\section{NUMERICAL EXPERIMENTS} \label{sec:experiment}

We corroborate our theoretical results on several examples and explore the trade-off between the complexity of the inference function, the quality of the approximation, and the convergence time of the optimization.
In all our examples, we do full Bayesian inference over $\theta$ and $\mbz$.
The code to reproduce the experiments can be found at \url{https://github.com/charlesm93/AVI-when-and-why}. % [RETRACTED].

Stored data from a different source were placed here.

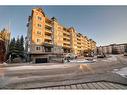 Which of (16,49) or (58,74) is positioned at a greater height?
(16,49)

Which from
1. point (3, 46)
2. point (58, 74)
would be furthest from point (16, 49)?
point (58, 74)

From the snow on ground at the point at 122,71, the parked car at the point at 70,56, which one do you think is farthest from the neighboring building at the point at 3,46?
the snow on ground at the point at 122,71

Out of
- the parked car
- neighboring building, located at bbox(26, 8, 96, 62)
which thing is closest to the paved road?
the parked car

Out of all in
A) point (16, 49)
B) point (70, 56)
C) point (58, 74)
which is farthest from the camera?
point (70, 56)

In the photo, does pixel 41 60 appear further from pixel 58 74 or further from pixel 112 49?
pixel 112 49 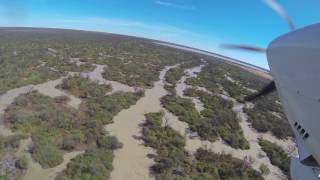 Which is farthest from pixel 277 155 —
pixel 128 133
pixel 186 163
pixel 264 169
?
pixel 128 133

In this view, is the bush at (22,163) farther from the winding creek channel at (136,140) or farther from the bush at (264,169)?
the bush at (264,169)

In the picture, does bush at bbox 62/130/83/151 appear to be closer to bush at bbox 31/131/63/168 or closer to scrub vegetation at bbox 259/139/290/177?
bush at bbox 31/131/63/168

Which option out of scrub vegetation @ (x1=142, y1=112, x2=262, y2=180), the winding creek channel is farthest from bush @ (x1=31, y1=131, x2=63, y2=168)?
scrub vegetation @ (x1=142, y1=112, x2=262, y2=180)

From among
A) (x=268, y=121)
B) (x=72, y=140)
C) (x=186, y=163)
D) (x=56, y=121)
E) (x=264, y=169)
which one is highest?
(x=72, y=140)

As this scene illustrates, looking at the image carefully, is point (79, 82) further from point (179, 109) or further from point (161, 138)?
point (161, 138)

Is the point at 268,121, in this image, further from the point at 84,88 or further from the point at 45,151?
the point at 45,151

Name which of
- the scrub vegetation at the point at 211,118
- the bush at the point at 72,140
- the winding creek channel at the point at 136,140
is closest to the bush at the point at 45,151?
the winding creek channel at the point at 136,140

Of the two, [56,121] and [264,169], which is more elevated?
[56,121]

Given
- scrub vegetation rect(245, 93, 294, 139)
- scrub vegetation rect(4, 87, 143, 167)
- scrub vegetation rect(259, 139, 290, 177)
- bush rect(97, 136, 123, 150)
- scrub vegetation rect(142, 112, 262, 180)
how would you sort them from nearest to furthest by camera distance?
scrub vegetation rect(142, 112, 262, 180), scrub vegetation rect(4, 87, 143, 167), bush rect(97, 136, 123, 150), scrub vegetation rect(259, 139, 290, 177), scrub vegetation rect(245, 93, 294, 139) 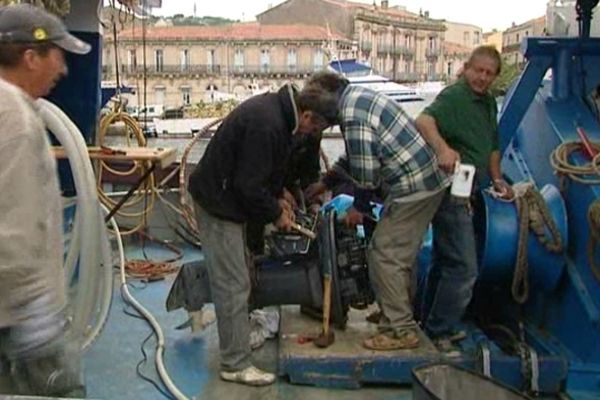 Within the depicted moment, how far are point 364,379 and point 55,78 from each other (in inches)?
87.0

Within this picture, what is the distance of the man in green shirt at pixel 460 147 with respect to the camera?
3844 mm

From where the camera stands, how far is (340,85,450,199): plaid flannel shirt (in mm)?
3619

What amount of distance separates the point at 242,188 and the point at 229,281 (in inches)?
18.6

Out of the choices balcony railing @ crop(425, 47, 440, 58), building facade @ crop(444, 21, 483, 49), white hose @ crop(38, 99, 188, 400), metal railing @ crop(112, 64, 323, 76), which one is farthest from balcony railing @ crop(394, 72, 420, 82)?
white hose @ crop(38, 99, 188, 400)

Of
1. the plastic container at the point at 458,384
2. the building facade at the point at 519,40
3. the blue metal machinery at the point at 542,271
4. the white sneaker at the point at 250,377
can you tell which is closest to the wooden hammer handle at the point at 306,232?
the blue metal machinery at the point at 542,271

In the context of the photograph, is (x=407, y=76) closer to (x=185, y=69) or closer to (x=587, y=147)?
(x=185, y=69)

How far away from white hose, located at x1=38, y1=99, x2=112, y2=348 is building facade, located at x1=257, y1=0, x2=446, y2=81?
1888 inches

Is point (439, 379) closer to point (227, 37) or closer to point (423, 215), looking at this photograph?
point (423, 215)

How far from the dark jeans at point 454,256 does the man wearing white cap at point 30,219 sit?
2.18 meters

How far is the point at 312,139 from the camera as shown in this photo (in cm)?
396

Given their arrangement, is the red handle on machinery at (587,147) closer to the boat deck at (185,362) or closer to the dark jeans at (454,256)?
the dark jeans at (454,256)

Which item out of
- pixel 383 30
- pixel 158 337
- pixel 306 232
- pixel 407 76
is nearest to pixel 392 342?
pixel 306 232

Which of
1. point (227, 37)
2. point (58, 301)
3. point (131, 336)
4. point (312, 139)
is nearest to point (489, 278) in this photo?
point (312, 139)

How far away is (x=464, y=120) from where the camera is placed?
3865 millimetres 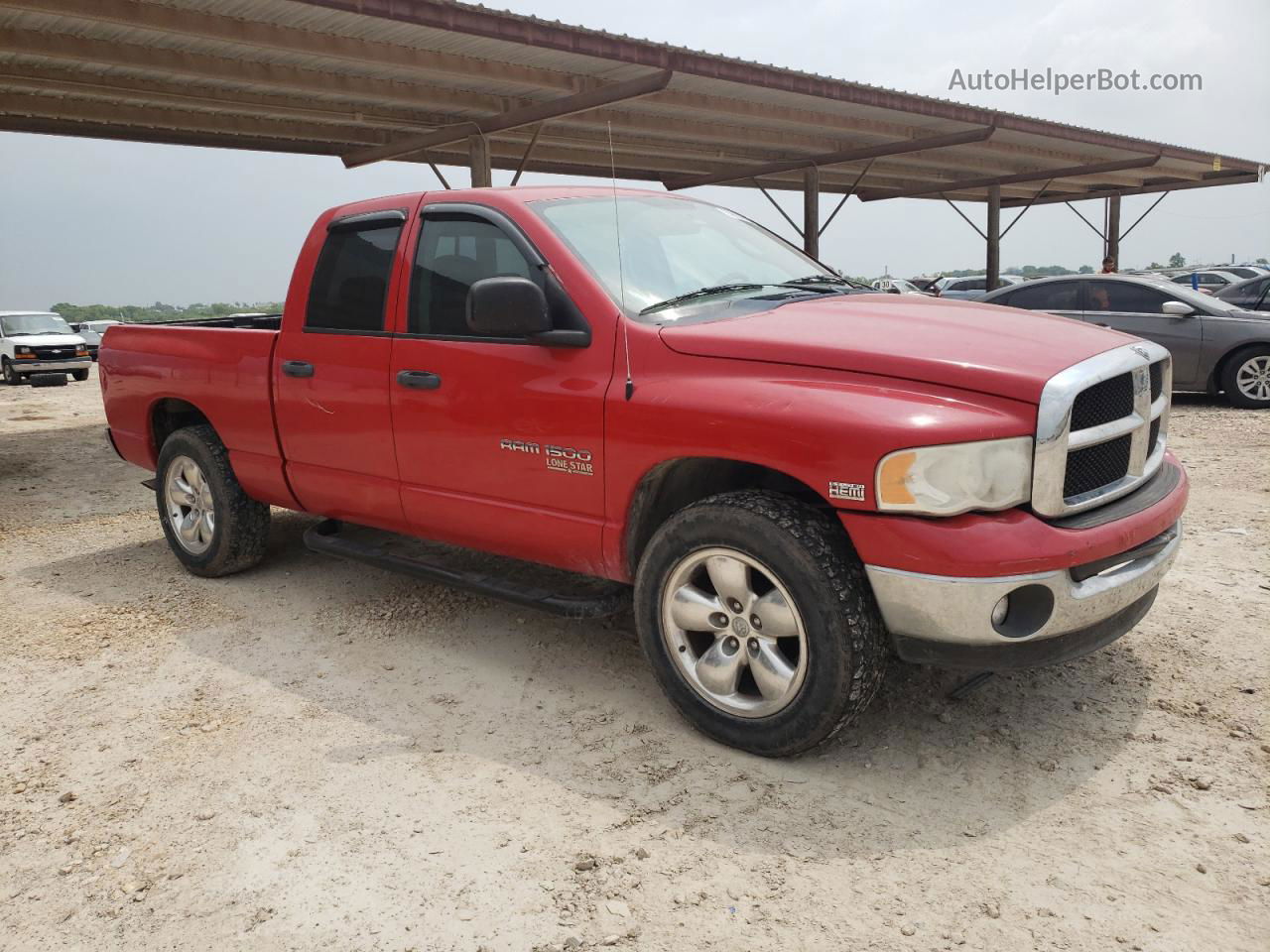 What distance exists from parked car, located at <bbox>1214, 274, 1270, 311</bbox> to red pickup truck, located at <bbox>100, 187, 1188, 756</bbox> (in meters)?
12.5

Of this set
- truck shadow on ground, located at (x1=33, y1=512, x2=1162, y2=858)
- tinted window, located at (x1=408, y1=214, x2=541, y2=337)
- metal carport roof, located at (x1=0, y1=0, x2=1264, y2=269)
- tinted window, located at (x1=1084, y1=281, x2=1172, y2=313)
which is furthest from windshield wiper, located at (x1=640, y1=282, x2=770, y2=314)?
tinted window, located at (x1=1084, y1=281, x2=1172, y2=313)

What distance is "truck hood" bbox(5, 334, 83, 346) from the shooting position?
22.6 metres

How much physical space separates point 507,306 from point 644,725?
1.60 meters

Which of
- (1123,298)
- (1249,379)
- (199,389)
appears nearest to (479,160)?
(1123,298)

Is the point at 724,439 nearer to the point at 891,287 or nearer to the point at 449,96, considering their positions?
the point at 449,96

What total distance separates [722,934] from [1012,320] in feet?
7.57

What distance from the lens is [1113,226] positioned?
89.0 feet

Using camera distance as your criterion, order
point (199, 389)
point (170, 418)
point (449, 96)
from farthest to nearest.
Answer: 1. point (449, 96)
2. point (170, 418)
3. point (199, 389)

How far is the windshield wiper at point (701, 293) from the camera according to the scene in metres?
3.61

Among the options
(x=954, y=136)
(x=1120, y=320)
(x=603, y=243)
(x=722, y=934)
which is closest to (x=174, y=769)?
(x=722, y=934)

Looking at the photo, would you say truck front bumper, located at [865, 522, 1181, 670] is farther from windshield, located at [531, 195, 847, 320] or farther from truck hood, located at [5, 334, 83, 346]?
truck hood, located at [5, 334, 83, 346]

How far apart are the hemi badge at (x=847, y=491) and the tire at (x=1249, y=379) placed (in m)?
9.29

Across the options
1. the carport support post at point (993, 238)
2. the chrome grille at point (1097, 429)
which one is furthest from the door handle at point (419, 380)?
the carport support post at point (993, 238)

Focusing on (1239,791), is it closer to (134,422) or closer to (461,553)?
(461,553) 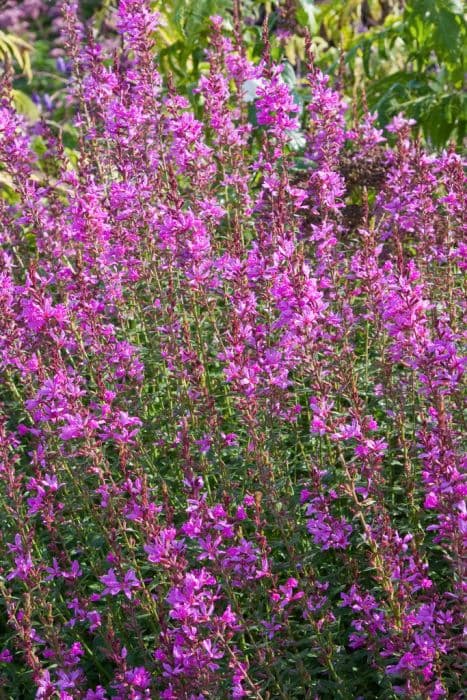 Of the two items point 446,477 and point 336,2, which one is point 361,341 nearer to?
point 446,477

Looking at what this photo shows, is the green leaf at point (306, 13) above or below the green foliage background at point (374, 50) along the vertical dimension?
above

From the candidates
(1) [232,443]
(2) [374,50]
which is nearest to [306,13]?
(2) [374,50]

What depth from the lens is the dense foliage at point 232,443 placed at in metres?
2.75

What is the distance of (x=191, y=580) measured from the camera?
262 centimetres

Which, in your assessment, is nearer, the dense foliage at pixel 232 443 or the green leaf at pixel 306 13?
the dense foliage at pixel 232 443

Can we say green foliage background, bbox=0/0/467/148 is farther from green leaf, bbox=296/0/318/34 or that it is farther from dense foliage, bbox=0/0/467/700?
dense foliage, bbox=0/0/467/700

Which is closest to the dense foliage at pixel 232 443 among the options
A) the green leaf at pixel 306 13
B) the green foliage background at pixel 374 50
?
the green foliage background at pixel 374 50

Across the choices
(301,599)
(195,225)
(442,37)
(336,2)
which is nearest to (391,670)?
(301,599)

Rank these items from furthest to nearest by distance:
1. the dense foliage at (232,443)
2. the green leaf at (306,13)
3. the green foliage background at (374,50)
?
the green leaf at (306,13) < the green foliage background at (374,50) < the dense foliage at (232,443)

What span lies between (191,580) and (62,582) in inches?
57.5

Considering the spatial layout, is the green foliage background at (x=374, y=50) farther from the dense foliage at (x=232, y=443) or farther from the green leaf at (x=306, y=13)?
the dense foliage at (x=232, y=443)

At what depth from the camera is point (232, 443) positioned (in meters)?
3.45

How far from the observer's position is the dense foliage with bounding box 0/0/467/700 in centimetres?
275

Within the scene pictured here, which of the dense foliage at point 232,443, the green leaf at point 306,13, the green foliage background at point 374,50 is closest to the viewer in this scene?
the dense foliage at point 232,443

\subsection{Experimental setup} 

As our variational approximation, we use the family of factorized Gaussians.
Our benchmarks are a \textit{constant factor algorithm}, which assigns the same Gaussian factor $\bar q$ to each latent variable $z_n$, and F-VI.
The constant factor and F-VI are respectively the poorest and richest variational families.

With A-VI, we learn $q(\theta)$, just as in F-VI, but amortize the inference for $q(\mbz)$: specifically, we fit an inference function between $x_n$, and the mean and variance of the Gaussian factor $q(z_n)$.
For the saw-time series example (\cref{sec:sawtime}) the input of the inference function is expanded to $(x_{n - 1}, x_n)$.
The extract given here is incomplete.